= Exercise goal =
Skip the pictures. Give all the data again exactly.

= Dataset extract =
━━━━━━━━━━━━━━━━━━━━

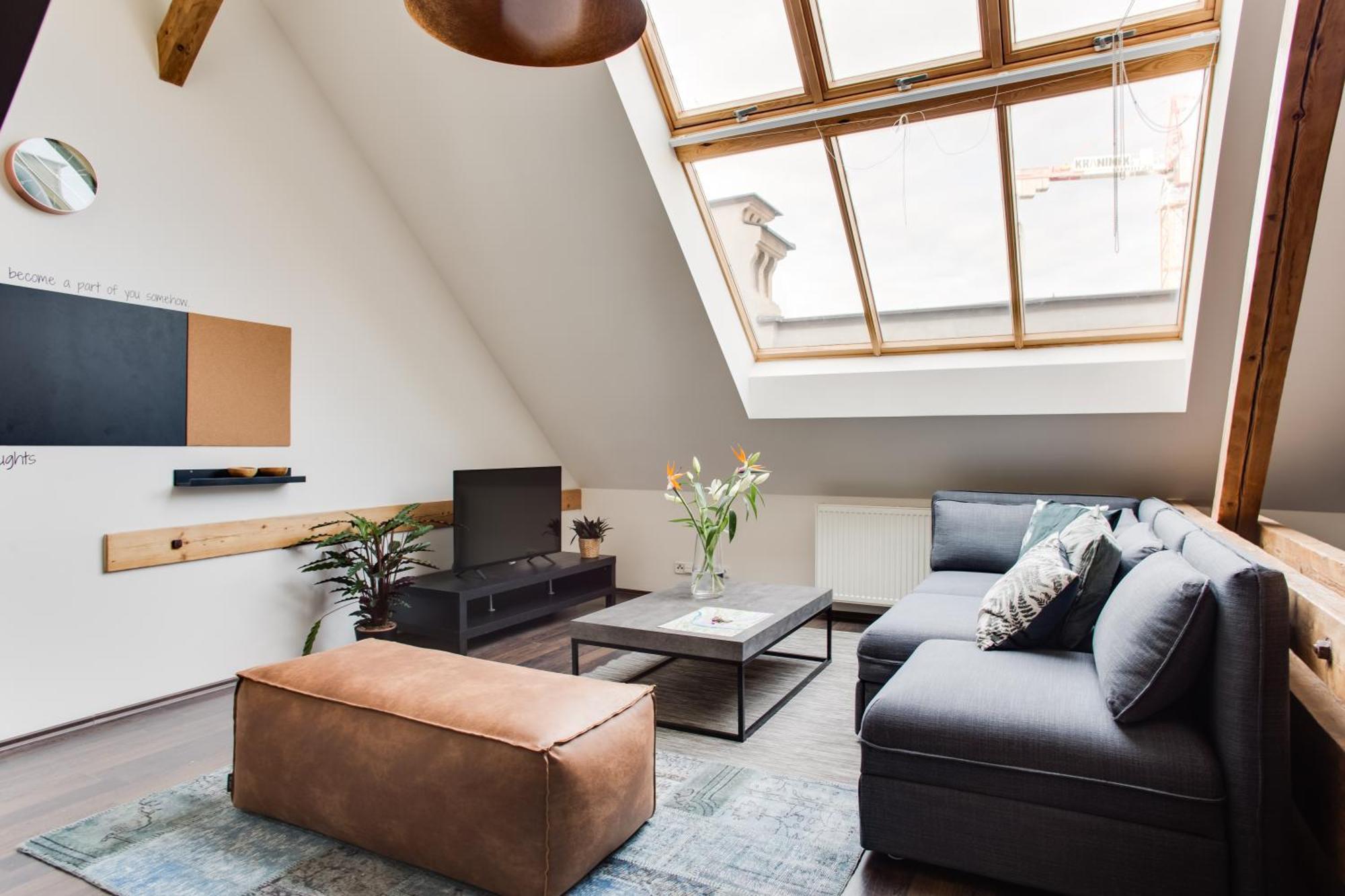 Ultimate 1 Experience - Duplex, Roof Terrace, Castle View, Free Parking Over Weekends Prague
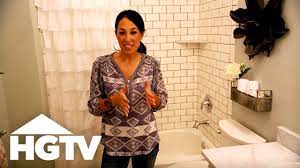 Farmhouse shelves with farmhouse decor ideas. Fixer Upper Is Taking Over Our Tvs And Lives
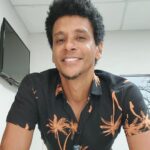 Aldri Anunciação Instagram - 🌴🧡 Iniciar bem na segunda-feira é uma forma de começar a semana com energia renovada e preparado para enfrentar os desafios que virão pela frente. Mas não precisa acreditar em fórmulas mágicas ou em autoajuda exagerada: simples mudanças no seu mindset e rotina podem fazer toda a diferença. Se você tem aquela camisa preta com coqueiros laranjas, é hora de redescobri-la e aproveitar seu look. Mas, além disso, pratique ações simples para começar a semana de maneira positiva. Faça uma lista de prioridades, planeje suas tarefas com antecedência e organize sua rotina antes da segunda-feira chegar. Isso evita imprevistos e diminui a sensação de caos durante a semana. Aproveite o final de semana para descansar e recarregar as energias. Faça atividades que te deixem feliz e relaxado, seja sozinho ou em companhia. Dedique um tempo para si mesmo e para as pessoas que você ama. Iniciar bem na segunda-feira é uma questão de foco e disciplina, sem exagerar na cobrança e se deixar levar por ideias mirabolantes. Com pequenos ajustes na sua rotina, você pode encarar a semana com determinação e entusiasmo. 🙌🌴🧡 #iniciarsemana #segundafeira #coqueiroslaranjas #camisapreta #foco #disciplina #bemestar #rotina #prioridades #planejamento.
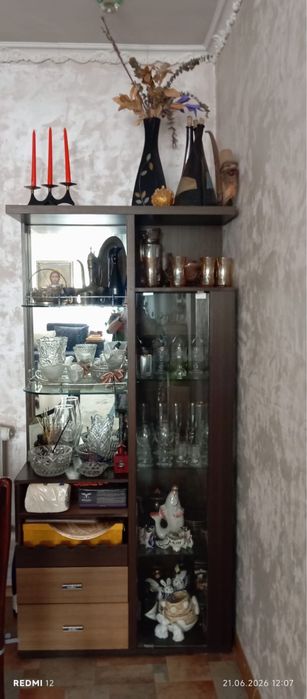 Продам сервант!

━━━━━━━━━━━━━━━━━━━━

= Exercise answer =
 Ultimate 1 Experience - Duplex, Roof Terrace, Castle View, Free Parking Over Weekends Prague
 Farmhouse shelves with farmhouse decor ideas. Fixer Upper Is Taking Over Our Tvs And Lives
 Aldri Anunciação Instagram - 🌴🧡 Iniciar bem na segunda-feira é uma forma de começar a semana com energia renovada e preparado para enfrentar os desafios que virão pela frente. Mas não precisa acreditar em fórmulas mágicas ou em autoajuda exagerada: simples mudanças no seu mindset e rotina podem fazer toda a diferença. Se você tem aquela camisa preta com coqueiros laranjas, é hora de redescobri-la e aproveitar seu look. Mas, além disso, pratique ações simples para começar a semana de maneira positiva. Faça uma lista de prioridades, planeje suas tarefas com antecedência e organize sua rotina antes da segunda-feira chegar. Isso evita imprevistos e diminui a sensação de caos durante a semana. Aproveite o final de semana para descansar e recarregar as energias. Faça atividades que te deixem feliz e relaxado, seja sozinho ou em companhia. Dedique um tempo para si mesmo e para as pessoas que você ama. Iniciar bem na segunda-feira é uma questão de foco e disciplina, sem exagerar na cobrança e se deixar levar por ideias mirabolantes. Com pequenos ajustes na sua rotina, você pode encarar a semana com determinação e entusiasmo. 🙌🌴🧡 #iniciarsemana #segundafeira #coqueiroslaranjas #camisapreta #foco #disciplina #bemestar #rotina #prioridades #planejamento.
 Продам сервант!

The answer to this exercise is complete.